Problem requirements — Only the lines from the one containing "Nappe anti-taches Ivoire" through the end of the data belong in the answer; reproduce them exactly.

Provided material —

* * * * *

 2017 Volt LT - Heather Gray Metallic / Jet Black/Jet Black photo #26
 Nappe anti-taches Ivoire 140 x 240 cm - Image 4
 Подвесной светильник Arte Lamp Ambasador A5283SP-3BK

* * * * *

Answer to this problem —
 Nappe anti-taches Ivoire 140 x 240 cm - Image 4
 Подвесной светильник Arte Lamp Ambasador A5283SP-3BK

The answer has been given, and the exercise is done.